Prosecution of Politicide in Ethiopia
Author: Marshet Tadesse Tessema
Publisher: Springer
Total Pages: 310
Release: 2018-09-26
Genre: Law
ISBN: 9462652554

This book investigates the road map or the transitional justice mechanisms that theEthiopian government chose to confront the gross human rights violations perpetratedunder the 17 years’ rule of the Derg, the dictatorial regime that controlled state powerfrom 1974 to 1991. Furthermore, the author extensively examines the prosecution ofpoliticide or genocide against political groups in Ethiopia.
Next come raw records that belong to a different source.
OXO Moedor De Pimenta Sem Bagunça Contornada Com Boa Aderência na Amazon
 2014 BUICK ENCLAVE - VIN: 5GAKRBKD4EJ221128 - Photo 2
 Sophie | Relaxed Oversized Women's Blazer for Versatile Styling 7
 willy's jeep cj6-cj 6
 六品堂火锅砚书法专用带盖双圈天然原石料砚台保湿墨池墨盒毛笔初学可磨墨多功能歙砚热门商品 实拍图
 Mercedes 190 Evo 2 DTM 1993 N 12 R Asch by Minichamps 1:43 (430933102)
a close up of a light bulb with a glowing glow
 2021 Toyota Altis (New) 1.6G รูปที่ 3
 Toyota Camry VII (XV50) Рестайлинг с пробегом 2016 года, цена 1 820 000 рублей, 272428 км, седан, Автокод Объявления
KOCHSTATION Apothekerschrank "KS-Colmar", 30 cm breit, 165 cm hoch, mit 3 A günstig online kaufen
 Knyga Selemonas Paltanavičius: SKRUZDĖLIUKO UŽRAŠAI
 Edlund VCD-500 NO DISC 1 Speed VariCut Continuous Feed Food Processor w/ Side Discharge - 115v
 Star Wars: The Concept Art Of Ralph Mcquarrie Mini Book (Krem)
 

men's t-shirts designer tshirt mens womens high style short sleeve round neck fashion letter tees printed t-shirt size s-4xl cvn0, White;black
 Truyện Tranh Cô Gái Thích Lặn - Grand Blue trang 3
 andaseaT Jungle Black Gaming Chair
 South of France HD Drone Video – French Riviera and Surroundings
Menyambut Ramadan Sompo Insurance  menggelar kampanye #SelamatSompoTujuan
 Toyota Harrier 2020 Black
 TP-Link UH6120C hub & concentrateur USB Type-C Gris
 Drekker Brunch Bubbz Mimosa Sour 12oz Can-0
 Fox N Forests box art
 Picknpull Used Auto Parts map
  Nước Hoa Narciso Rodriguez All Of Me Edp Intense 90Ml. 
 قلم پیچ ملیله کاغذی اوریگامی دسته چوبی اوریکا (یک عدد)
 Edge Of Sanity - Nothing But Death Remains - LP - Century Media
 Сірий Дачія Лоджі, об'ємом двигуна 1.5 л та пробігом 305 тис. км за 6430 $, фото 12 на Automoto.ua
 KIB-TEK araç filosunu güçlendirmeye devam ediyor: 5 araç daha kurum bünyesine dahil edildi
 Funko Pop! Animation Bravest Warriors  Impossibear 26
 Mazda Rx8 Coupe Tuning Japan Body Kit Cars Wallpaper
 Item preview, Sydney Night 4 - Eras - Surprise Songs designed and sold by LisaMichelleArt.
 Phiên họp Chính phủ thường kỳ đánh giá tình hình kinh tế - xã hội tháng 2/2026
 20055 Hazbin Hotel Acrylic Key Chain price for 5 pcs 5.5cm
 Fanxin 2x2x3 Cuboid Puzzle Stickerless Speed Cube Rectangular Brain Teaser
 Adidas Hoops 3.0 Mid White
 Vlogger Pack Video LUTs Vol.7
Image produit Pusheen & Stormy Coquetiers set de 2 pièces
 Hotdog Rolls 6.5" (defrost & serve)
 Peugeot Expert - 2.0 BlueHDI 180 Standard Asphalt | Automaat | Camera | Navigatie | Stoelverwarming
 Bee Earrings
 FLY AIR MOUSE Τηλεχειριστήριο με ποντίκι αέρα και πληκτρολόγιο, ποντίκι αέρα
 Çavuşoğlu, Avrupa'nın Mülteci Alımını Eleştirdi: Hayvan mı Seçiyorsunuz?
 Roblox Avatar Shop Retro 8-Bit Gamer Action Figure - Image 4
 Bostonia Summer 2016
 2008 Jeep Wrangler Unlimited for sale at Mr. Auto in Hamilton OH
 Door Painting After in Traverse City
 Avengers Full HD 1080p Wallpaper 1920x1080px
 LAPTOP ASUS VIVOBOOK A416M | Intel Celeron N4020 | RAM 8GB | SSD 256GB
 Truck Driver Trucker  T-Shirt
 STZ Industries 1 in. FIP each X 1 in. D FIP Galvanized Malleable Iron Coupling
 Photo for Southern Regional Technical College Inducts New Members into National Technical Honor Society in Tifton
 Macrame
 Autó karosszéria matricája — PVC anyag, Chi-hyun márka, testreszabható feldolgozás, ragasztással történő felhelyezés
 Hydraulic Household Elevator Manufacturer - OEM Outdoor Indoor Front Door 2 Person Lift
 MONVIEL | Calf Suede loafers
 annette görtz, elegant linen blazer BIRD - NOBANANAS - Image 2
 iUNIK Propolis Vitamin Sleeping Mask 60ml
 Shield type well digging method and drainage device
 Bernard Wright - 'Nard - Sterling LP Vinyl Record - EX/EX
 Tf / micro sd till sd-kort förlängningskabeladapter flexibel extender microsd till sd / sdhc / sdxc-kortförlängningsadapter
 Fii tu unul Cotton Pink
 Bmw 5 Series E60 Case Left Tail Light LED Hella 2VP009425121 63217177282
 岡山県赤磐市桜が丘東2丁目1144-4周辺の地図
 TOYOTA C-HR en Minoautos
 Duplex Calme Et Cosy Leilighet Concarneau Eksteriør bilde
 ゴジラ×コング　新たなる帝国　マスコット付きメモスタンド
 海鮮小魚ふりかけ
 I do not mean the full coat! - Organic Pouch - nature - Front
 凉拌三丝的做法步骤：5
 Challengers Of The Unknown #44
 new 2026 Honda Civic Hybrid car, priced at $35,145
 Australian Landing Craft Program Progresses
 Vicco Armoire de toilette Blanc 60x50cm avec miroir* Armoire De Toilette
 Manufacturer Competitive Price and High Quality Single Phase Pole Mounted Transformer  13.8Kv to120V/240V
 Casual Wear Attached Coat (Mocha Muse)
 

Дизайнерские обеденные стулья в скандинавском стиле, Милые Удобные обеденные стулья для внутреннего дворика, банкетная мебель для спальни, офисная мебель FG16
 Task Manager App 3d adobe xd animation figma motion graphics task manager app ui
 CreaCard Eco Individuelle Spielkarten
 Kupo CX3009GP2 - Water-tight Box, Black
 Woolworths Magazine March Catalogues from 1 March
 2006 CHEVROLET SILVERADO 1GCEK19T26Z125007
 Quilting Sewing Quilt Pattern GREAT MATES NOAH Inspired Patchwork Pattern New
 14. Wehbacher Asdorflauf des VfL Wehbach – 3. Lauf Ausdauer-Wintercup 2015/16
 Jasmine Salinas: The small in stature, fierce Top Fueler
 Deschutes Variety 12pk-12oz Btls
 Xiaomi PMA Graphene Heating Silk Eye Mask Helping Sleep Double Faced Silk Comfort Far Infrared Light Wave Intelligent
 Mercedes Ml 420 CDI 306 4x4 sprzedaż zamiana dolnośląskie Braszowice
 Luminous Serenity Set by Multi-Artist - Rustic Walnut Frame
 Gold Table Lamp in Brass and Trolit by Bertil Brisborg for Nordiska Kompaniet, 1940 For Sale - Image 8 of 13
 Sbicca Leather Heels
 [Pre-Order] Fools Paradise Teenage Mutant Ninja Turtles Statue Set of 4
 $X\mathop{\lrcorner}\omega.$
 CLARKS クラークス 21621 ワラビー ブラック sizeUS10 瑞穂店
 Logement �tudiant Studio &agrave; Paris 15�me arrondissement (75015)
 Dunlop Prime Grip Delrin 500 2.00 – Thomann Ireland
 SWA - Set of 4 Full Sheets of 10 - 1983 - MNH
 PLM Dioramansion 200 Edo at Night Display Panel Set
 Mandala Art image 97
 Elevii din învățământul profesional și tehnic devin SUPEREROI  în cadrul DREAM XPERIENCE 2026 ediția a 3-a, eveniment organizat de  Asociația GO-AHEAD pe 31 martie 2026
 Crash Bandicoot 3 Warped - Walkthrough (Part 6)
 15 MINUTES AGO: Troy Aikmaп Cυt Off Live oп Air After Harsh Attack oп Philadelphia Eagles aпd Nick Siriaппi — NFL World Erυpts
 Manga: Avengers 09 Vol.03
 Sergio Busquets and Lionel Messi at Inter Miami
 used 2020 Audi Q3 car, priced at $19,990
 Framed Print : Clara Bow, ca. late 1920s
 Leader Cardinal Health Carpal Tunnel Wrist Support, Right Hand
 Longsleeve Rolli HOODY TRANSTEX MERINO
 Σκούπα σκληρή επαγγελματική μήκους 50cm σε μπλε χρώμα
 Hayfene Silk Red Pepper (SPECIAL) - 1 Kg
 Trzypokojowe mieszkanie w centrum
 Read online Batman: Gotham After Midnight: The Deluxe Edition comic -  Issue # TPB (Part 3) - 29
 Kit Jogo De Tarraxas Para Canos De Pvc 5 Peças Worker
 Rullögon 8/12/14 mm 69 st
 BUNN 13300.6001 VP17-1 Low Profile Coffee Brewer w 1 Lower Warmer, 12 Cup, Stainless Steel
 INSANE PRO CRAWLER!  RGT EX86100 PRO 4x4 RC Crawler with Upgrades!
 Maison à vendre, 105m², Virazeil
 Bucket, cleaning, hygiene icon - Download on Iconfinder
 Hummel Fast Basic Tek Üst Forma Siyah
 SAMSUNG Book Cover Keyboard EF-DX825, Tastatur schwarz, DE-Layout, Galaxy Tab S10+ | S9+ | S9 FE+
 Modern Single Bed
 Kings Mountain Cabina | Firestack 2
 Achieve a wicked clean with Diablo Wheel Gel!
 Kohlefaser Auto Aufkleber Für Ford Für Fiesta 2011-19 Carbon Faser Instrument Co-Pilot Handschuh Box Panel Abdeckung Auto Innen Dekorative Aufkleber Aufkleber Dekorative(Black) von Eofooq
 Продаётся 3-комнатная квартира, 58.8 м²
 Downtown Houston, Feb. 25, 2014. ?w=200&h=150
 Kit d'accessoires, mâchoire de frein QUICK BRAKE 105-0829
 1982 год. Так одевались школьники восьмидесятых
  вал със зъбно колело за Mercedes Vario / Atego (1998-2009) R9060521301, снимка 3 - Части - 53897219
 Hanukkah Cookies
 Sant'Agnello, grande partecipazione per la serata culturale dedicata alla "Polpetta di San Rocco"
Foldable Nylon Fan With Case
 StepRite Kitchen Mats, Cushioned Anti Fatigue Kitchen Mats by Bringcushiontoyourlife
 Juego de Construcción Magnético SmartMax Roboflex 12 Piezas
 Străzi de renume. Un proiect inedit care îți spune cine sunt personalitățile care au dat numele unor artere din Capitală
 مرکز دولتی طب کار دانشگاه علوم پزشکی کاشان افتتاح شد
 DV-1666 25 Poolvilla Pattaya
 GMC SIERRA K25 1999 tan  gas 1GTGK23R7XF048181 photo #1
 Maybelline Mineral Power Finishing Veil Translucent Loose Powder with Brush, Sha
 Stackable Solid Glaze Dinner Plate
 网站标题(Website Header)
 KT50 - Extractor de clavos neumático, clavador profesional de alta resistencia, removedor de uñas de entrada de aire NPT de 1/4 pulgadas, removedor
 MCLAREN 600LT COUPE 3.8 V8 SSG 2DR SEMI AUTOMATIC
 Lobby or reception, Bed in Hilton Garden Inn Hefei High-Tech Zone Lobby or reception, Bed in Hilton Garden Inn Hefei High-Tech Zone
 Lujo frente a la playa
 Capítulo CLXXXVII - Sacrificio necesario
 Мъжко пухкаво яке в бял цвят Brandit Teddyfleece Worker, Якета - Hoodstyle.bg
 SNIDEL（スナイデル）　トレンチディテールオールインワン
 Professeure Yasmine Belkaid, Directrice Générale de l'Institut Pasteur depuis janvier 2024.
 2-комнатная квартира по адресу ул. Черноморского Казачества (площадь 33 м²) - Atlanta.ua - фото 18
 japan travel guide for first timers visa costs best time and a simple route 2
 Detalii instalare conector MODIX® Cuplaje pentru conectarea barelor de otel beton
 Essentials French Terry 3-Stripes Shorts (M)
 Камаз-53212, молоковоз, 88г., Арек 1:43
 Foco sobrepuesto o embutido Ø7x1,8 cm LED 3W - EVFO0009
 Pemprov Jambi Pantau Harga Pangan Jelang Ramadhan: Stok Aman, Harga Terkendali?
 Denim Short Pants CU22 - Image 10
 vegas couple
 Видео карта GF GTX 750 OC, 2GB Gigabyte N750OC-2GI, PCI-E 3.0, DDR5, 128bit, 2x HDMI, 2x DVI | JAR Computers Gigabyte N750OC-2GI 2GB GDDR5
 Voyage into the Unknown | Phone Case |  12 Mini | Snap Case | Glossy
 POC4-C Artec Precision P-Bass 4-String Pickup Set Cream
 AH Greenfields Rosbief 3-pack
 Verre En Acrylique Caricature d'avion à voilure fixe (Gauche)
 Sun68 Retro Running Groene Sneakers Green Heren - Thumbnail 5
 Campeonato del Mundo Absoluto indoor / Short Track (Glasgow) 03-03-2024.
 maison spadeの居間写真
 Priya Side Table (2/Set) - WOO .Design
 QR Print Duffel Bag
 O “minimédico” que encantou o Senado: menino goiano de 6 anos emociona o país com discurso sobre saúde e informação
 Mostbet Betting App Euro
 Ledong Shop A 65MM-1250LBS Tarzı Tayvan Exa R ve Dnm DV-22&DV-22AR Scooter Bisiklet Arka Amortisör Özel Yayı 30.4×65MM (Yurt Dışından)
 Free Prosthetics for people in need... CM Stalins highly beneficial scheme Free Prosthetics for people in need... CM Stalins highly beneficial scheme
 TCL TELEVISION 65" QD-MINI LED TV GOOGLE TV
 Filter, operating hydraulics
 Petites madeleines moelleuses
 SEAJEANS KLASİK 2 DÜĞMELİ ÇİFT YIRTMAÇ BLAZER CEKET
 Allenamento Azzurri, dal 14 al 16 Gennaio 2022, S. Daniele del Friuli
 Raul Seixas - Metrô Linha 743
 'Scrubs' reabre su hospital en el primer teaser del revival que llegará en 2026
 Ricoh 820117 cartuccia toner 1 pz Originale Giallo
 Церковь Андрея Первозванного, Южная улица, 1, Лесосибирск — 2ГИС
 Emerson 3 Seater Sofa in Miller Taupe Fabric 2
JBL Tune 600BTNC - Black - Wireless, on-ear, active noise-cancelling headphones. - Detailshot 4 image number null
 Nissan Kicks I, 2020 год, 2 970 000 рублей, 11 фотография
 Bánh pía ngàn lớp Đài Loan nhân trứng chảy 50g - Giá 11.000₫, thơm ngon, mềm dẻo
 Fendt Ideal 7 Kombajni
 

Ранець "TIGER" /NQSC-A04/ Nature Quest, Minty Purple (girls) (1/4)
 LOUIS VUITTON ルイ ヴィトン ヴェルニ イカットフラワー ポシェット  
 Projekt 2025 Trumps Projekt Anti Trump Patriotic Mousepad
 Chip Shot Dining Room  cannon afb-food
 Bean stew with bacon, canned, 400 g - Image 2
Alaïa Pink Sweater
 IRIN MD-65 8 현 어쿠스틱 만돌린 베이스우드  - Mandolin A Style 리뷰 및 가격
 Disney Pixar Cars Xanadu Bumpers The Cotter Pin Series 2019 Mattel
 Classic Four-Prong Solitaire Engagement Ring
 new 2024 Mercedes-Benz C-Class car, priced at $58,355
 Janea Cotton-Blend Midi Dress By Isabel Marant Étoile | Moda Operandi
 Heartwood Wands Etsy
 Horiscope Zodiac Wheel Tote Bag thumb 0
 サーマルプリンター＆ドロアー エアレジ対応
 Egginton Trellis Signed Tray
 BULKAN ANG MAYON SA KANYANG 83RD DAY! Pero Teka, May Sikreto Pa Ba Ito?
Dealing with the violent conflict, massacres, repressions and other mass atrocities ofthe past is necessary, not for its own sake, but to clear the way for a new beginning.In other words, ignoring gross human rights violations and attempting to close thechapter on an oppressive dictatorial past by choosing to let bygones be bygones, is nolonger a viable option when starting on the road to a democratic future. For unaddressedatrocities and a sense of injustice would not only continue to haunt a nation butcould also ignite similar conflicts in the future. So the question is what choices are available to the newly installed government whenconfronting the evils of the past. There are a wide array of transitional mechanismsto choose from, but there is no “one size fits all” mechanism. Of all the transitionaljustice mechanisms, namely truth commissions, lustration, amnesty, prosecution,and reparation, the Ethiopian government chose prosecution as the main means fordealing with the horrendous crimes committed by the Derg regime. One of the formidable challenges for transitioning states in dealing with the crimes offormer regimes is an inadequate legal framework by which to criminalize and punish/divegregious human rights violations. With the aim of examining whether or not Ethiopiahas confronted this challenge, the book assesses Ethiopia’s legal framework regardingboth crimes under international law and individual criminal responsibility. This book will be of great relevance to academics and practitioners in the areas ofgenocide studies, international criminal law and transitional justice. Students in thefields of international criminal law, transitional justice and human rights will alsofind relevant information on the national prosecution of politicide in particular andthe question of confronting the past in general. Marshet Tadesse Tessema is Assistant Professor of the Law School, College of Law andGovernance at Jimma University in Ethiopia, and Postdoctoral Fellow of the SouthAfrican-German Centre, University of the Western Cape in South Africa./div

Politicide

Politicide
Author: Baruch Kimmerling
Publisher: Verso
Total Pages: 260
Release: 2006-05-17
Genre: History
ISBN:

Ariel Sharon is one of the most experienced, shrewd and frightening leaders of the new millennium. Kimmerling's new book describes Sharon's quest to reshape the whole geopolitical landscape of the Middle East.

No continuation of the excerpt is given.